= BRIEF =
Nothing but the lines below from the one holding "Produktbild: 27 Stunden" up to and including the one holding "Атласное свадебное платье" should be copied, exactly and without pictures.

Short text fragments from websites
════

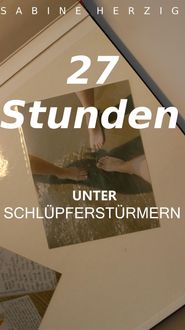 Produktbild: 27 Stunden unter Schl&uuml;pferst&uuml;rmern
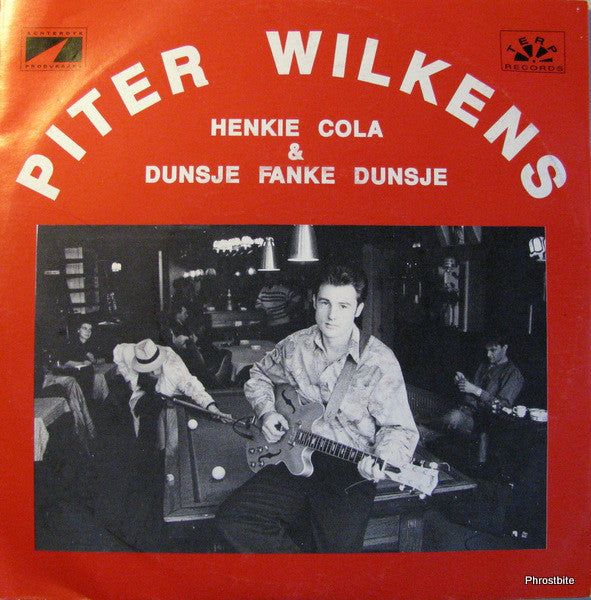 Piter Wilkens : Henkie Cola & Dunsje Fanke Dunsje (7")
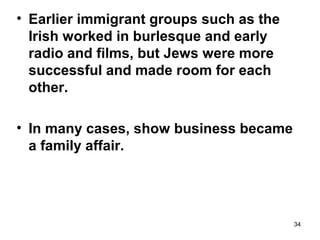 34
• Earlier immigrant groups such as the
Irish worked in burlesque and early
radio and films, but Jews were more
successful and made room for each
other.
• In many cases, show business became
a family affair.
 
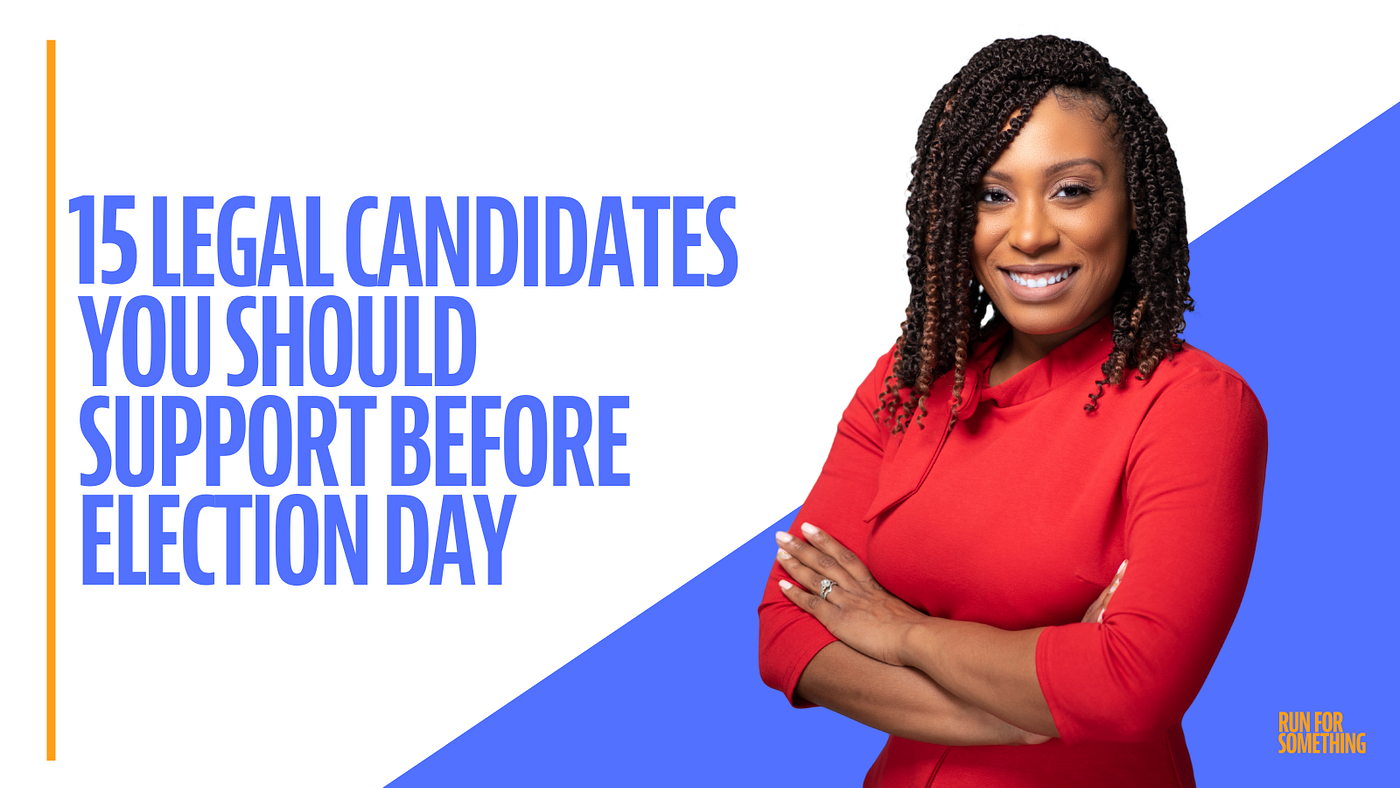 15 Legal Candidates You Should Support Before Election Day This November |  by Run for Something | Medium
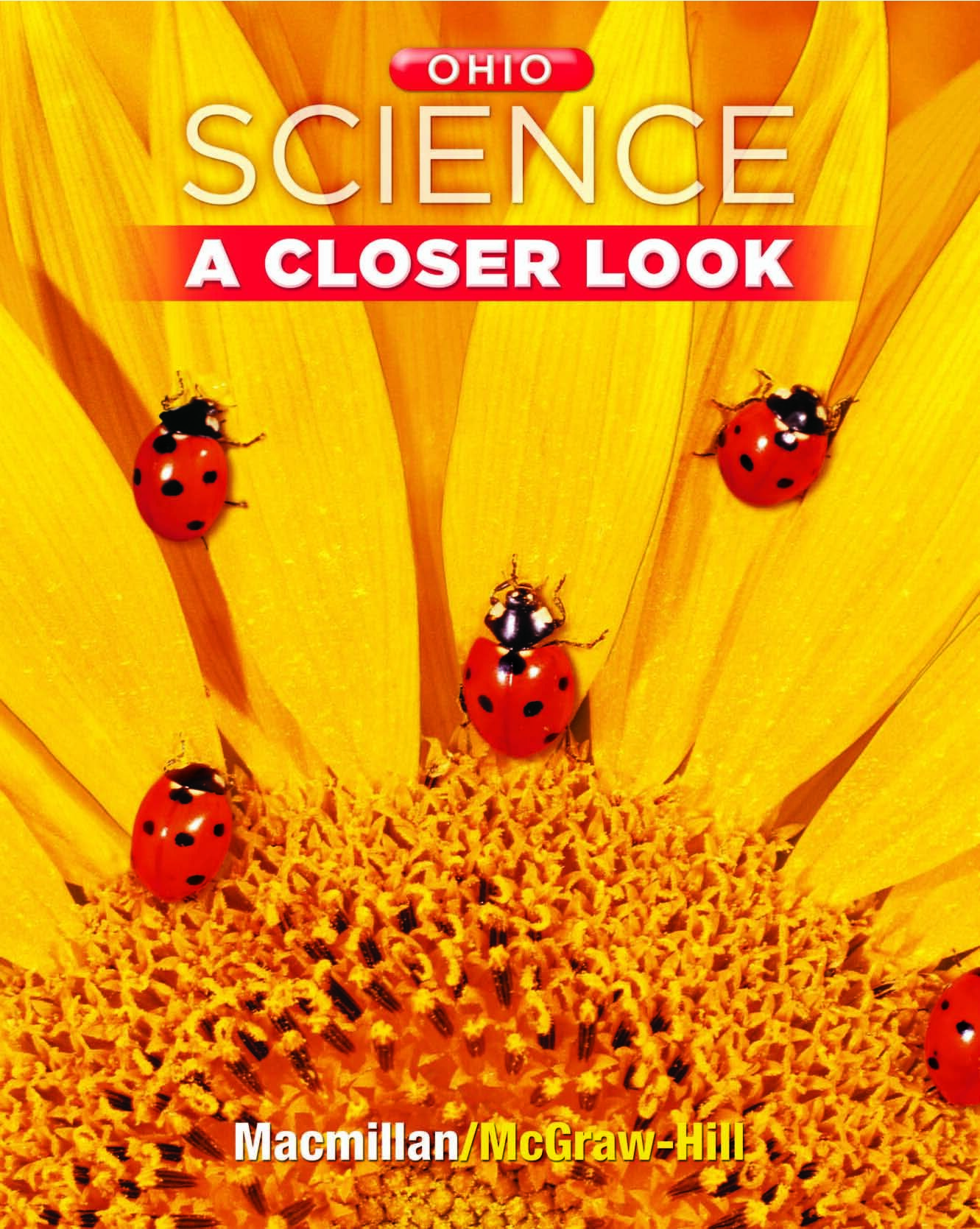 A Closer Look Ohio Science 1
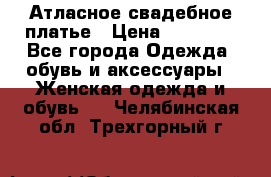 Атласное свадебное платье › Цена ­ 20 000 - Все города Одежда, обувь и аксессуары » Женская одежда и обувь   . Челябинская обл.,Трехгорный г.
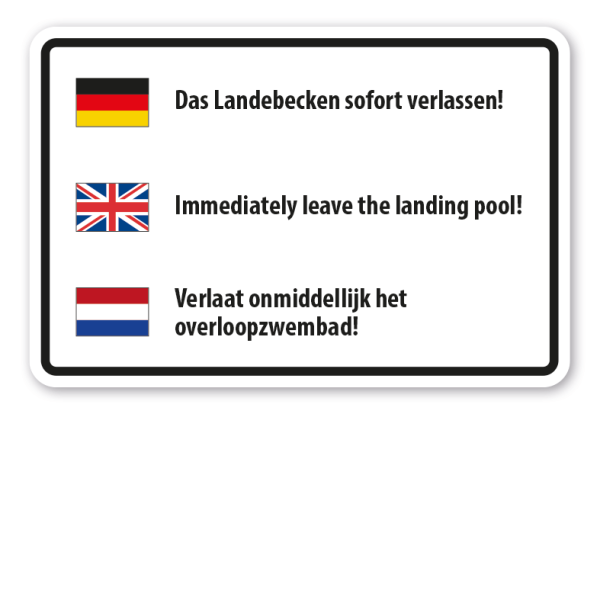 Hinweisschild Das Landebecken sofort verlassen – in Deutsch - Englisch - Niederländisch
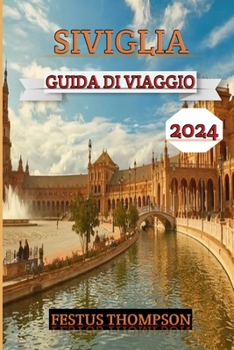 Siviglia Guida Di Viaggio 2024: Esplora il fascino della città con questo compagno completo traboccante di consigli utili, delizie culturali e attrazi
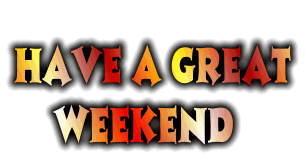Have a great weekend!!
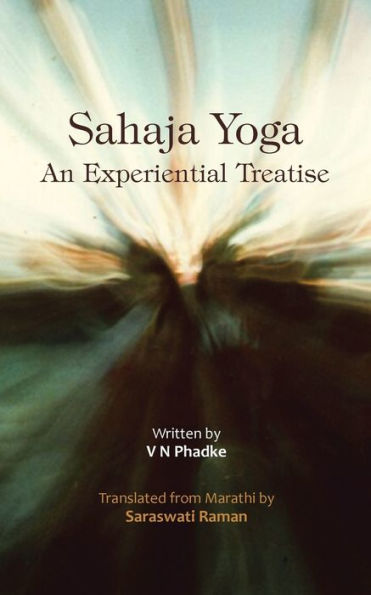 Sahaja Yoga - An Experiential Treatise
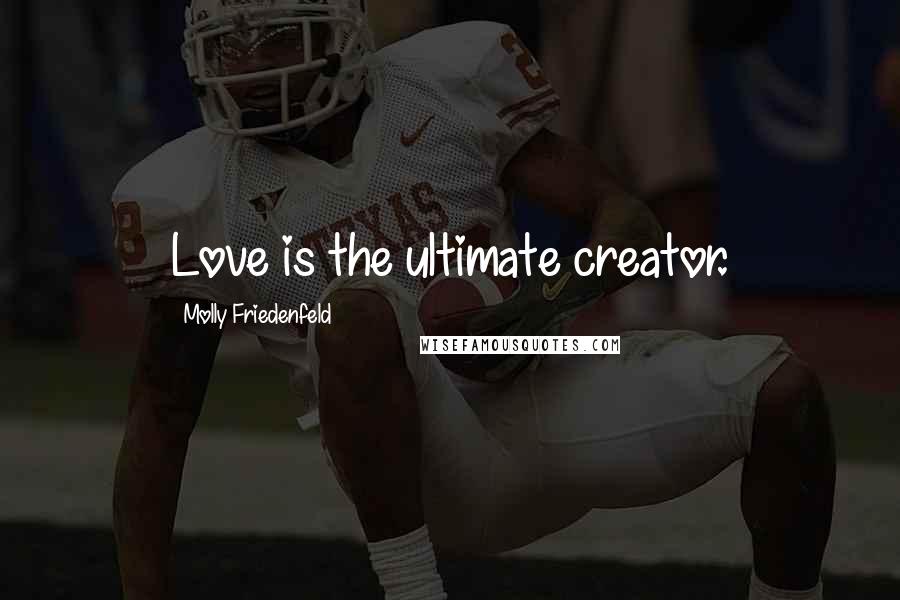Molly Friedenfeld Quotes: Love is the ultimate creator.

════

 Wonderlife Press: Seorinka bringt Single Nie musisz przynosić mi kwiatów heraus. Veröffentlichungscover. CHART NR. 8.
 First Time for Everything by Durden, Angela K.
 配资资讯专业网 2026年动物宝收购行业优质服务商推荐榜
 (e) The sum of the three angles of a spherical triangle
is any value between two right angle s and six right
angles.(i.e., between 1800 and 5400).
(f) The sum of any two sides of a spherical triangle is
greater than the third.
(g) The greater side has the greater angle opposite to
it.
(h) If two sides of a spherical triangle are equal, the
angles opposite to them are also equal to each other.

════

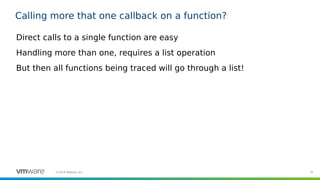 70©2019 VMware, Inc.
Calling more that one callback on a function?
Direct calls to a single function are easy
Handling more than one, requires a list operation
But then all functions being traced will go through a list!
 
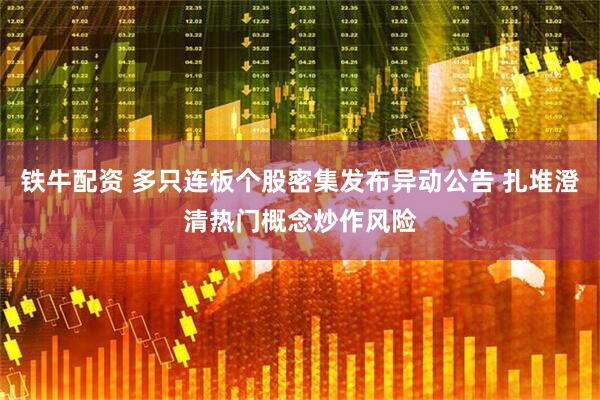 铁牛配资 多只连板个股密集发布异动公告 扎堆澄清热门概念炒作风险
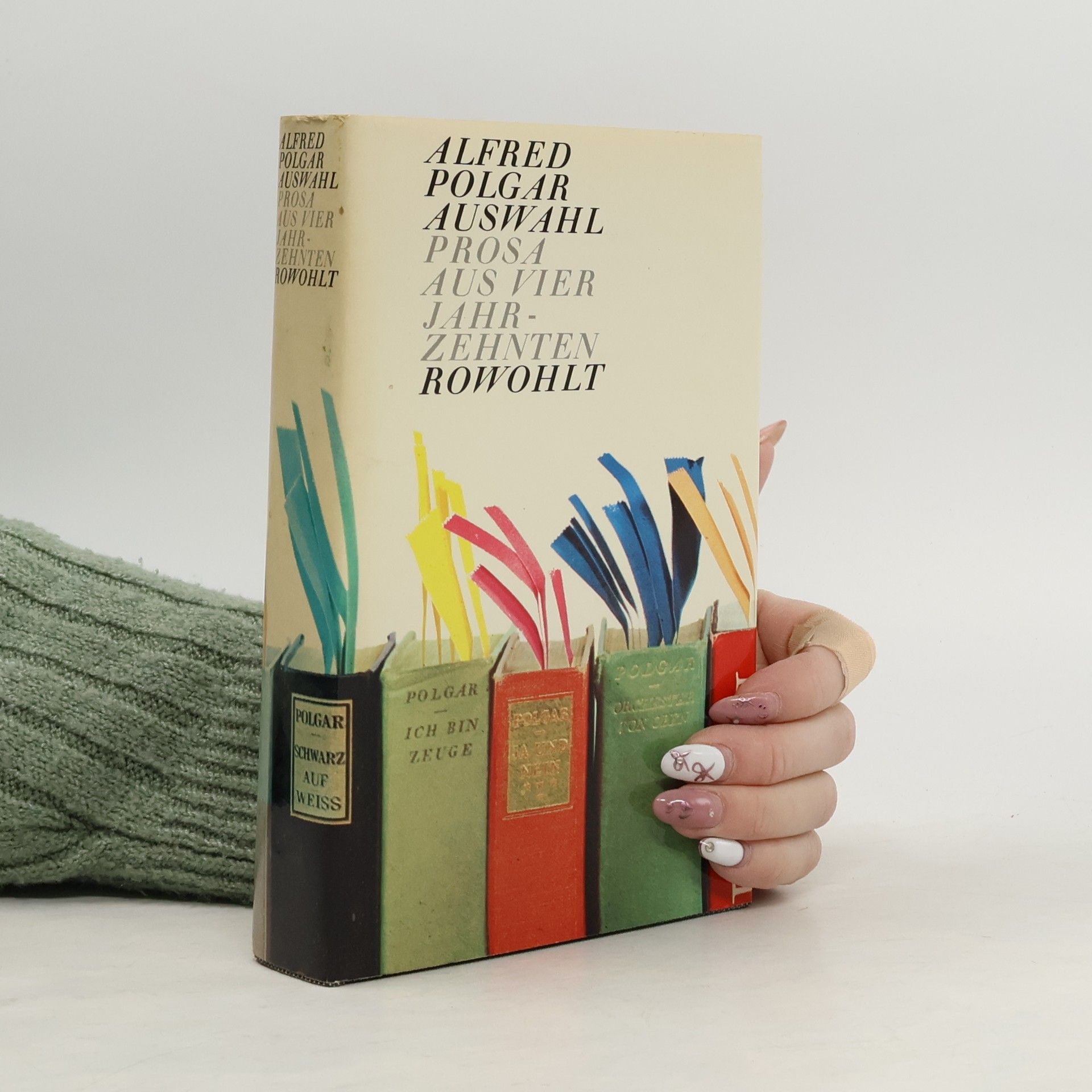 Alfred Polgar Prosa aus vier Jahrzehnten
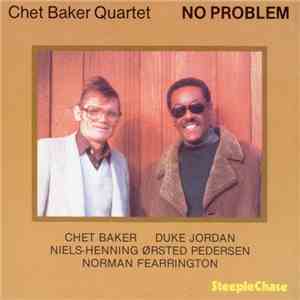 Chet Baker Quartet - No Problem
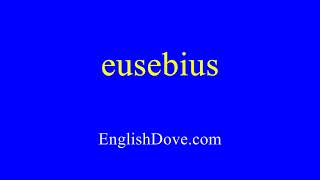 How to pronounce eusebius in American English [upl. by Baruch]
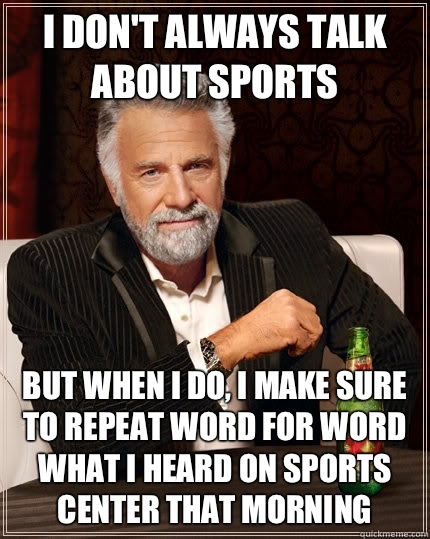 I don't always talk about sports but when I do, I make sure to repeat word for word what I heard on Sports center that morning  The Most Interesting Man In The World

════

= SOLUTION TO THIS EXERCISE =
 Produktbild: 27 Stunden unter Schl&uuml;pferst&uuml;rmern
 Piter Wilkens : Henkie Cola & Dunsje Fanke Dunsje (7")
 34
• Earlier immigrant groups such as the
Irish worked in burlesque and early
radio and films, but Jews were more
successful and made room for each
other.
• In many cases, show business became
a family affair.
 
 15 Legal Candidates You Should Support Before Election Day This November |  by Run for Something | Medium
 A Closer Look Ohio Science 1
 Атласное свадебное платье › Цена ­ 20 000 - Все города Одежда, обувь и аксессуары » Женская одежда и обувь   . Челябинская обл.,Трехгорный г.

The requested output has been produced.